Thursday, October 1, 2020

Andrew Dalke: Simple BitBound ChEMBL similarity search

In yesterday's essay I changed the scan-based Tanimoto search to an in-memory search and showed that after a start-up cost of about 5 seconds I was able to do about 2 searches per second of the 1.9 million ChEMBL fingerprints.

I ended by pointing out how chemfp was over 100x faster.

How is chemfp so much faster? One clear reason is the search code is all implemented in C. A comparison test like "score >= threshold" can be done in one CPU cycle, but the equivalent in Python takes likely thousands of CPU cycles. Another is Python's function call overhead - I suspect it takes longer to set up the call to byte_tanimoto_256() and convert the result to Python than it does to compute the actual Tanimoto.

The chemfp paper covers all of the techniques I used, and reviews the other ones I know about. In this essay I will implement the BitBound algorithm, which is a simple technique that can often reduce the number of fingerprints to test.

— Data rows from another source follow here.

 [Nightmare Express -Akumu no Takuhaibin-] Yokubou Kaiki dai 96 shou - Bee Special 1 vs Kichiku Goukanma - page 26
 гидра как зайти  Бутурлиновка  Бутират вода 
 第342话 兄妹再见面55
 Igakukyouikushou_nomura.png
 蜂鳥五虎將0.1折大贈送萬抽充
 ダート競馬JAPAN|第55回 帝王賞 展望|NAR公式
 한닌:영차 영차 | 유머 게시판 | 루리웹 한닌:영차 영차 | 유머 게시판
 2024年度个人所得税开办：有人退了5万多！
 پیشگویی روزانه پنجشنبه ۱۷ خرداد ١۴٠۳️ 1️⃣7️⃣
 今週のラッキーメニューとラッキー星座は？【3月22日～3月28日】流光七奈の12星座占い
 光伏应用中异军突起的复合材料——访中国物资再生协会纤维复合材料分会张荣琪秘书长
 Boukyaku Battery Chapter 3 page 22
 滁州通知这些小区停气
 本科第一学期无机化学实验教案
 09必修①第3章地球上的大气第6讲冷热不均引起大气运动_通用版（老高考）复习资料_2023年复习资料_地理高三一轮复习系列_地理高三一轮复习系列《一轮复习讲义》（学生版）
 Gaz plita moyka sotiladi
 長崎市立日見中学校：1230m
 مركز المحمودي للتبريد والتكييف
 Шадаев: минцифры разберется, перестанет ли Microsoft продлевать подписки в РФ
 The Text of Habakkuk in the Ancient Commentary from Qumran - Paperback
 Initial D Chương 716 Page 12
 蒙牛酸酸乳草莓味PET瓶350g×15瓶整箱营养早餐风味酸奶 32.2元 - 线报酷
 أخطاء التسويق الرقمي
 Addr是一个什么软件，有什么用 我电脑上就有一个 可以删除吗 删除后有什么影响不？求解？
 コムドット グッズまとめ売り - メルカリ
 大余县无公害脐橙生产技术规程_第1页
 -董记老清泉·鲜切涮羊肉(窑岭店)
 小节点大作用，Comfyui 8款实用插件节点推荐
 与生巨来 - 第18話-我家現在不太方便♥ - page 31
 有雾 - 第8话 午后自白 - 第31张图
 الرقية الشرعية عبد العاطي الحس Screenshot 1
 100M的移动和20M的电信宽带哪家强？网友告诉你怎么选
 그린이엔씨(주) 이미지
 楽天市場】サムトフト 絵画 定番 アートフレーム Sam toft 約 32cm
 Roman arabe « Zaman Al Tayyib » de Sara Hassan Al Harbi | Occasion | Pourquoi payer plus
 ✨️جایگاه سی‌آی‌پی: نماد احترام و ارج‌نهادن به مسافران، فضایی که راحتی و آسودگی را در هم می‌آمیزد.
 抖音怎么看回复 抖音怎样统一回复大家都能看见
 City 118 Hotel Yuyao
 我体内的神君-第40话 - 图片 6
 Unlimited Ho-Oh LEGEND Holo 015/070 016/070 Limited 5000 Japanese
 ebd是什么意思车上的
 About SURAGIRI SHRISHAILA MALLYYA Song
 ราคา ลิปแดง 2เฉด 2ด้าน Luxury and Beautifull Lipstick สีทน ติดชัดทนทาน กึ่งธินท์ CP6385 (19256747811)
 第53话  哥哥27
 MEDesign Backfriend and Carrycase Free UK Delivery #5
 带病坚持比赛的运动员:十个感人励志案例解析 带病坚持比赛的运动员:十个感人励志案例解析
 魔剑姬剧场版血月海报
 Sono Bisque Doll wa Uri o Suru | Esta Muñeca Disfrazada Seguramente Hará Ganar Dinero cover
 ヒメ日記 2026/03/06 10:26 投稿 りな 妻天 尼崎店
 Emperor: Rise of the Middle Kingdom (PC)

If you want to skip all the discussion, here are the instructions to use the final code, which assumes you have a gcc or clang C compiler and that RDKit's Python bindings are installed:

  1. Download chembl_27.fps.gz.
  2. Download the updated popc.py.
  3. Run python popc.py to generate the _popc module.
  4. Download chembl_bitbound_search.py.
  5. Run python chembl_bitbound_search.py --times to do the default caffeine search and see the internal timings.
  6. Run python chembl_bitbound_search.py --help to see the command-line help, then try your own queries, including with different thresholds.

The new program averages about 0.3 seconds per query with the default threshold of 0.7, and with an initial load time of about 8 seconds.

BitBound algorithm

Swamidass and Baldi pointed out that if a query fingerprint A has a bits set, and the goal is to find target fingerprints Bi which have a Tanimoto score at least T similar to the query, then we can set bounds on the number of bits b in the target fingerprints. More specifically: a T ≤ b ≤ a / T.

(They generalize this calculation to Tversky similarity, and also describe an search method to improve a nearest neighbor search.)

What this means is, if the number of bits in the target fingerprints can be pre-computed then those fingerprints which are out-of-bounds for a given query don't need to be considered.

There are few ways to implement this. One is to add the pre-computed popcount to each record. However, this still means testing every record. Another is to sort the records into different bins, one for each popcount. Then the search need only test the bins which might have a similarity match. I'll implement this seecond approach.

Compute the fingerprint popcount

I don't have a way to compute the popcount of each of the target fingerprints. I decided to use byte strings for them and used cffi to write popc.py, a program to generates the _popc module with the Tanimoto similarity and cosine similarity functions, hard-coded for 2048-bit fingerprints. I'll extend that module so it implements byte_popcount_256(), to compute the popcount of a 256-byte byte string.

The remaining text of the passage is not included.